Il rischio c’era eccome: se Riccardo Scamarcio sedeva lì, ieri, era anche perché è nelle sale con il film Modì – Tre giorni sulle ali della follia (non a caso una risposta l’ha data in francese). Mara Venier ha il programma Le stagioni dell’amore, nuovo nuovo, da promuovere e sostenere. Invece si è volato sempre alto, e persino quei passaggi a rischio trash, come le sette ore di ripresa dell’amplesso in Manuale d’amore 2, sono stati sublimati dal tono autoironico e complice di intervistato e intervistatore. Insomma, Belve è cresciuto. È diventato grande, più maturo, imboccando con decisione un’anima che già aveva (la simpatia) ma che, perlomeno ieri, è esplosa in tutta la sua forza.

Venier, Scamarcio e Vento sono stati di fatto i tre volti della leggerezza. Zia Mara ne incarnava la genuinità: quella contagiosa, verace, che ti fa sorridere mentre dice cose scomode. Alcuni esempi: “Una volta che ha avuto successo, si è tolta qualche sassolino?”, chiede Fagnani; “Ma secondo te, co’ il mio carattere, me so’ tenuta qualcosa? Me li sono tolti tutti!”. Parlando dei suoi ex: “So’ piaciuta… e meno male! Ve lo dico: non fate le schizzinose, perché poi alla mia età i giochi sono fatti”. Fino ovviamente alla mitica maglietta – “Se vuoi perdere peso, caga” – regalatale da Flavio Briatore e ora prossima a diventare il nuovo “Pensati libera”. Scamarcio incarnava invece la simpatia del mascalzone latino: occhi “colore palude depurata”, è il bello e dannato che osa prendersi in giro. Aveva esordito dicendo che “posso anche risultare molto polemico e pesante”, ma, al netto di un paio di castronerie (una su tutte: “La femmina si occupa della casa, il padre è capobranco: mica devo mettermi a lavare il pavimento!”), a fine intervista ti rimane addosso la sua risata malandrina.

E poi c’è ovviamente lei: Flavia Vento, che oltre ad essere stata nelle sue vite precedenti una “dea, mezza donna e mezza falco” e una “sirena collegata alla maga Circe”, è anche l’incarnazione del paradosso umoristico.

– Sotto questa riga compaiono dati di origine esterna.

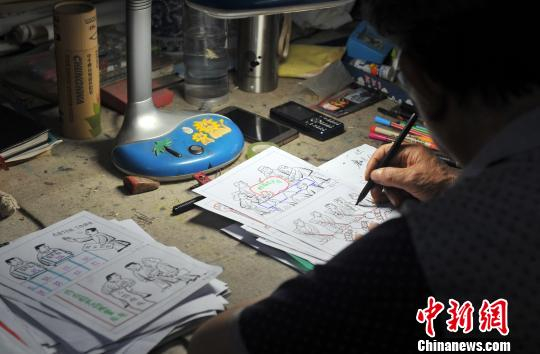 师彦文在作画 韩冰 摄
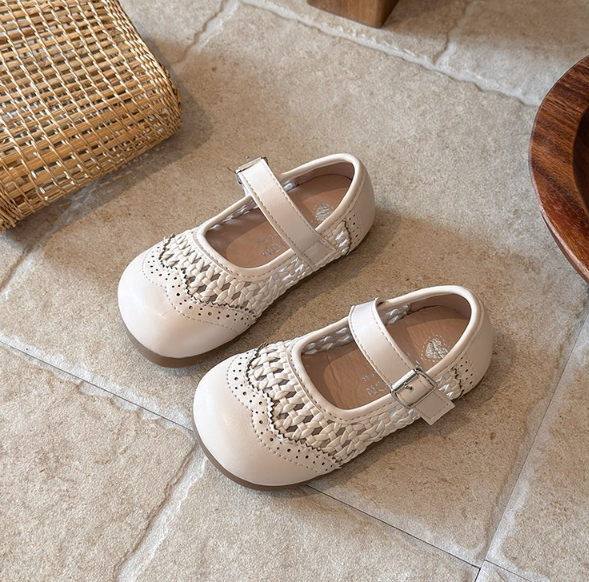 Sommerliche Mädchen-Sandalen mit atmungsaktivem Sohlen
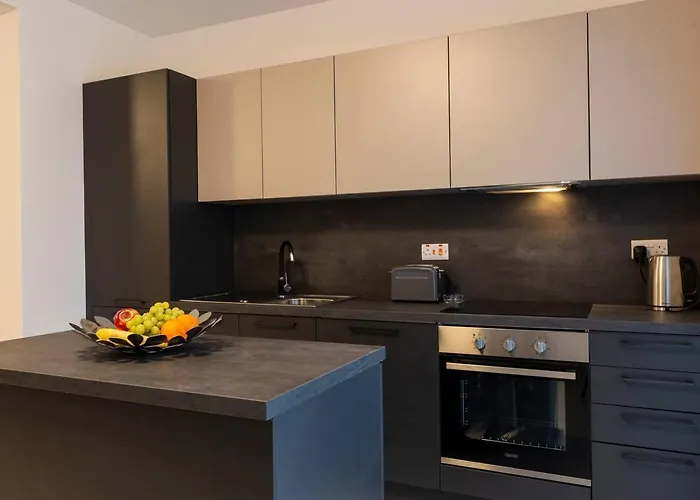 Beautiful Modern 2br Apartmán *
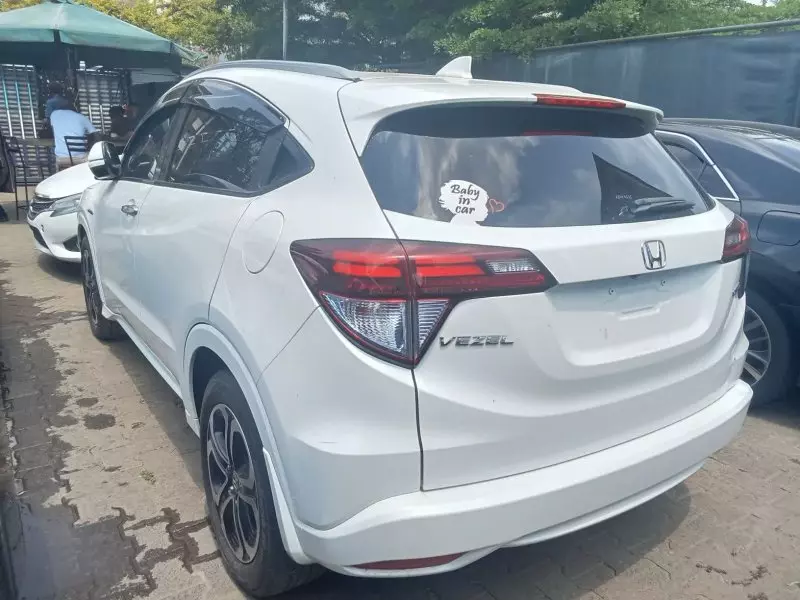 Honda Vezel    - 2015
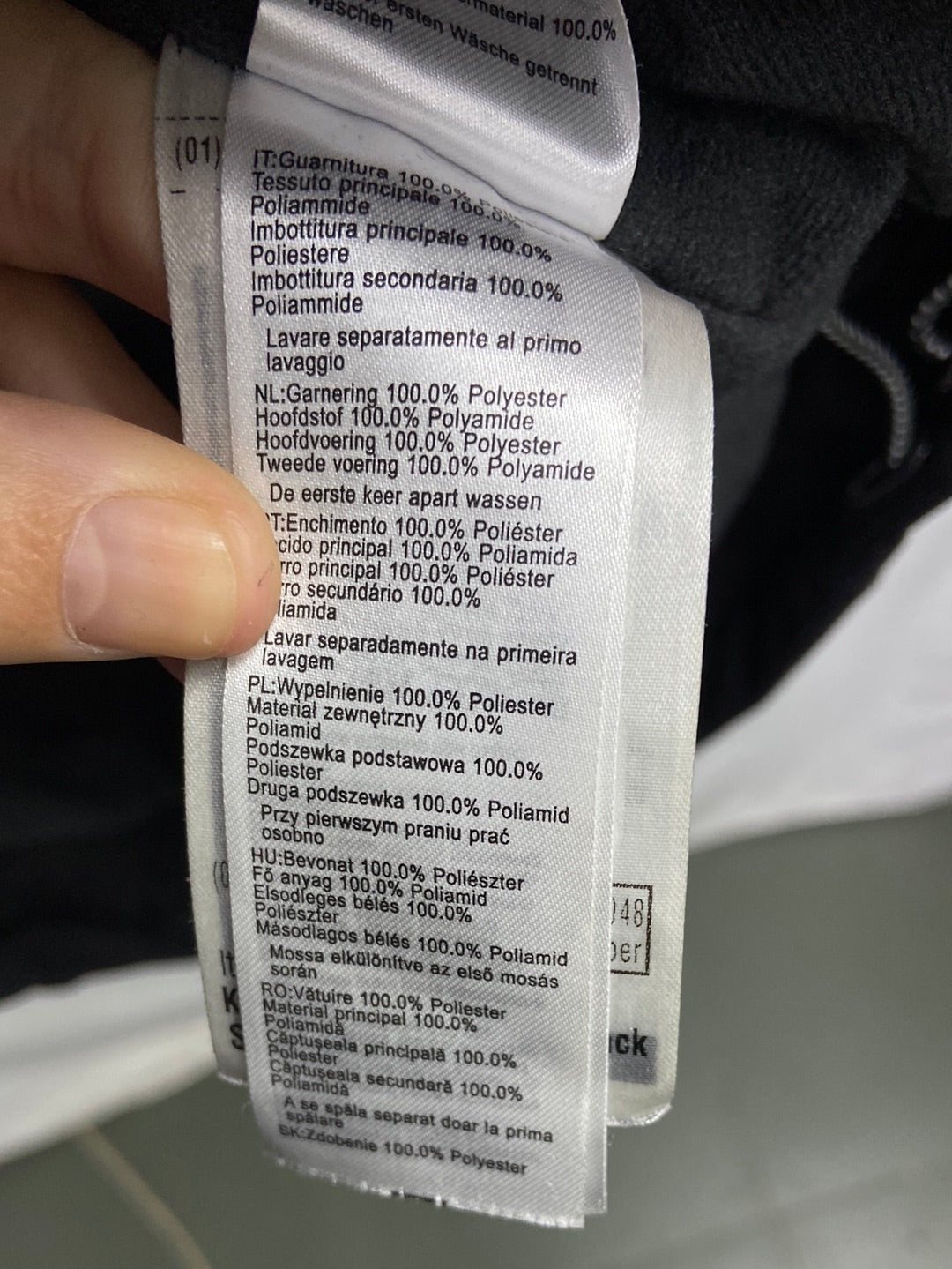 DECATHLON. Abrigo negro nieve T.s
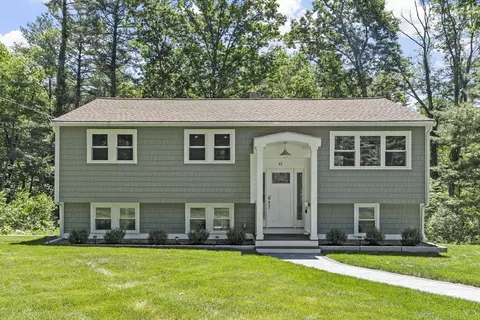 62 Queensland Rd, Billerica, MA 01862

Ingenua quanto basta per farti tenerezza, inanella una serie di risposte involontariamente comiche. Parla di fede (“Ho avuto un’apparizione mariana in un campo da golf, perché lì c’era una sorgente d’acqua”), stende l’elogio della castità (“Se tornassi indietro vorrei restare vergine, come Maria”) e pure di Scientology (“Solo chi ha una grande mente può seguirla, non è per tutti”), assicura che gli Ufo esistono, e pure la sua storia d’amore con Tom Cruise (“Il nostro è un amore telepatico”), mentre svicola sul tradimento di Francesco Totti (“Ma come, è l’unica cosa che esiste davvero e non me ne parla?”, si lamenta Fagnani).

In questo godibilissimo mix di due ore abbondanti di goliardia, c’è anche spazio per qualche riflessione seria. Mara Venier rivela di aver subìto, da giovane, abusi psicologici e fisici da parte di un uomo. Non fa nomi, ma il suo sguardo basta per raccontare la sofferenza di quegli anni. “Questa mia tendenza a difendermi, anche in maniera irruente, è nata proprio per tutto quello che ho passato”, spiega. Ammette di essere fragile (“A 74 anni non nascondo più nulla”) e di aver sofferto di depressione. Tra il serio e il faceto, Scamarcio critica invece il sistema cinema: “Se non ho mai vinto un premio è perché ho pestato i piedi a persone importanti, tra registi e produttori”. Conferma di avere un “complesso di superiorità”, gioca con il suo super ego, ma mostra anche le proprie fragilità: “Ho avuto una giovinezza dissipata, ho provato tutte le droghe tranne l’eroina, ma non sono mai stato dipendente”. Così alla fine hai l’impressione di conoscere un po’ di più quei volti che, fino a due ore fa, davi per scontati. E gli vuoi persino più bene.